No, I have not, although I must tell the right hon. Gentleman that I have contemplated doing so in the last month or so. As I am sure the right hon. Gentleman will appreciate, there have been a number of almost fortnightly meetings of various international bodies, in some of which the Arabs were involved. There was, for example, a meeting a week ago in New York at which the Arabs were present, when it was hoped that a clear position would emerge. But between the World Bank, the Developing Assistance Committee and the United Nations, there have been so many opportune moments to get the matter clearer that I have hesitated to make any direct initiatives, although I do not rule them out.
Will my right hon. Friend comment on the happenings at the last Organisation of African Unity conference in Mogadishu and say whether this is one of the chief causes of the dissension about the appointment of the Secretary-General? The Arab States have not pulled their weight here. Will my right hon. Friend—as she was asked a few moments ago—in some way intercede with the Arab States, with which we have some influence, to do something in this field for the developing nations of the Third World, namely, the black States?
I think that I should mention the other aspect of this matter—the Witteveen proposal for the recycling of money, in which the Chancellor of the Exchequer has been extremely involved. At this moment it is a very delicate decision as to how much one should take bilateral initiatives and how far one should rest on the United Nations and the other procedures which are continuing. I certainly do not rule out independent approaches, and there are one or two other donor countries which feel as I do.

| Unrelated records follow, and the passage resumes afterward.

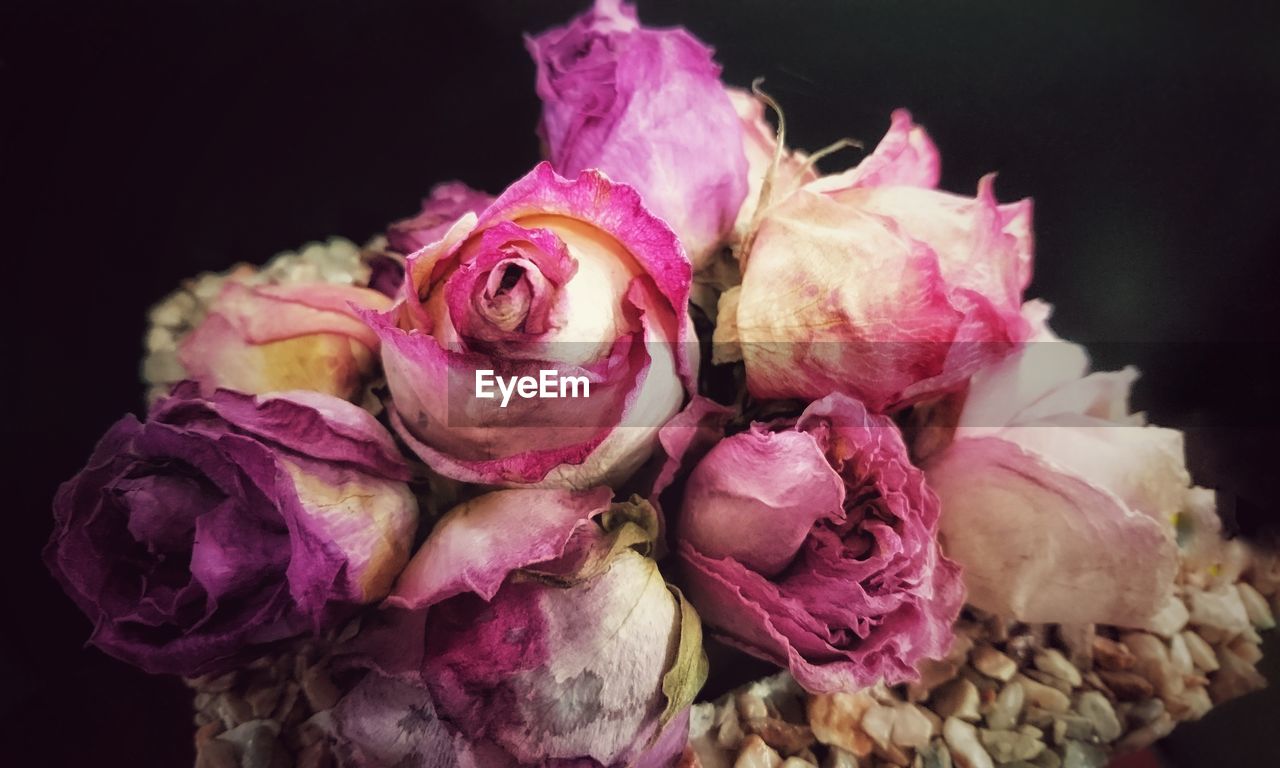 CLOSE-UP OF PINK ROSES OVER BLACK BACKGROUND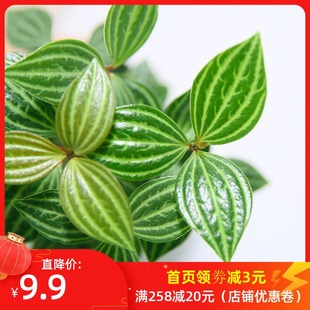 水培绿植 豆瓣绿 发财树室内盆栽办公室 植物卫生间防辐射吸甲醛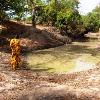100 - Dry season standing water in a near-by river bed, potential source of malaria-vectoring mosquitoes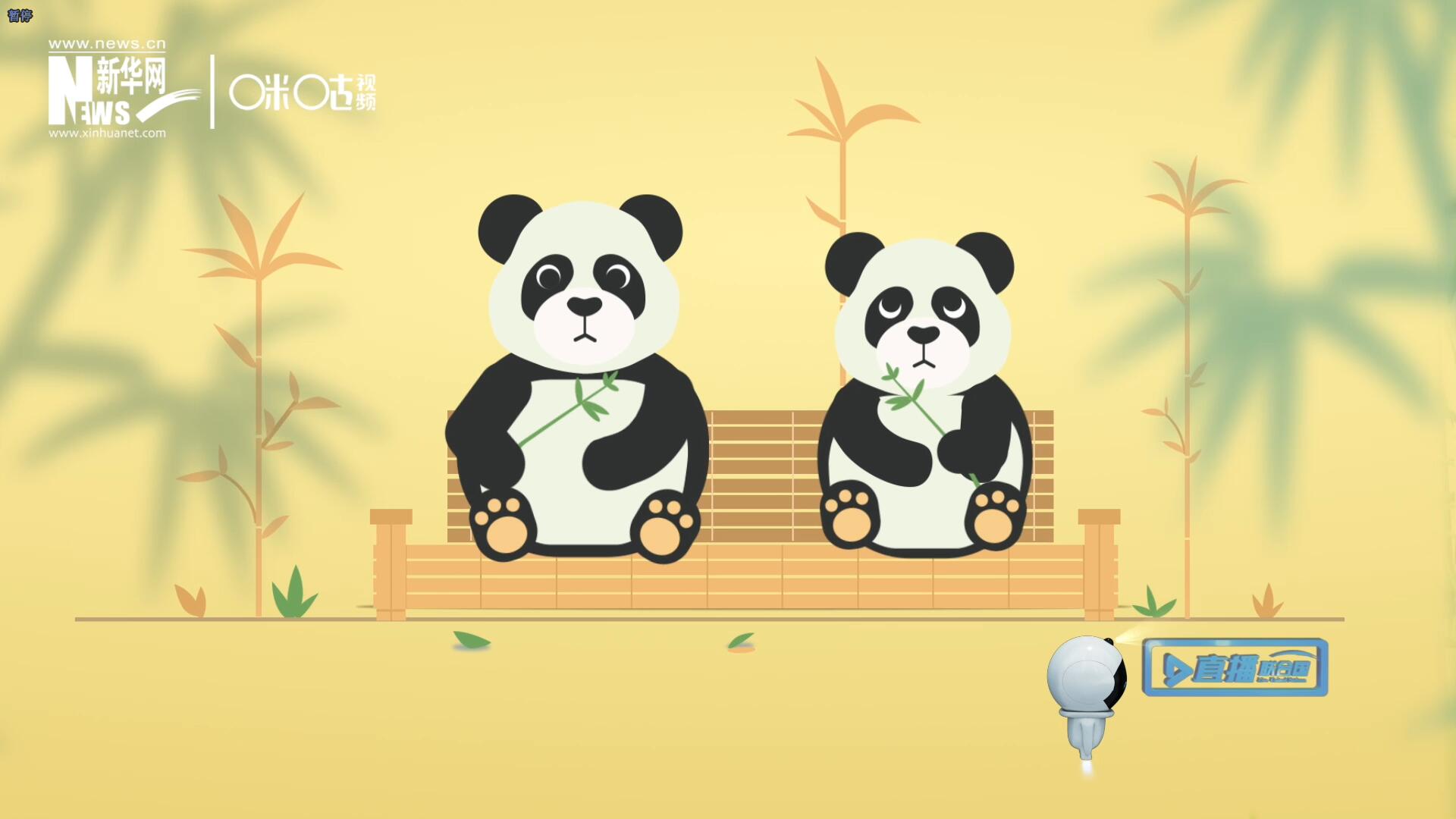 &ldquo;哥哥你看，又有人來看我們了。&rdquo;&ldquo;有什么奇怪的，我們可是聯(lián)合國&lsquo;最萌&rsquo;的大使啊！&rdquo;。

The right hon. Lady will be aware that a Select Committee of the House is considering this matter. Will she undertake that when she receives that Committee's report she will respond to it more quickly than she has been able to respond to the earlier report of the Select Committee considering overseas development, in the light of Britain's membership of the Community? Furthermore, will she say whether her Department has considered whether there is a rôle for private capital and private investment in assisting the developing countries most badly hit by the oil crisis to reach higher standards of development?
On the last point, I hope to be able to make my own position clear before too long.
On the hon. Gentleman's second point, I hope to respond to the Select Committee's report very quickly indeed, although it is an ever-changing situation and it is likely to be so for the next two or three months.
In reply to the hon. Gentleman's first question, which asked why I had not responded more quickly to the report of the previous Select Committee, of which I was a member, I should have thought that my response would have been seen in action rather than in words.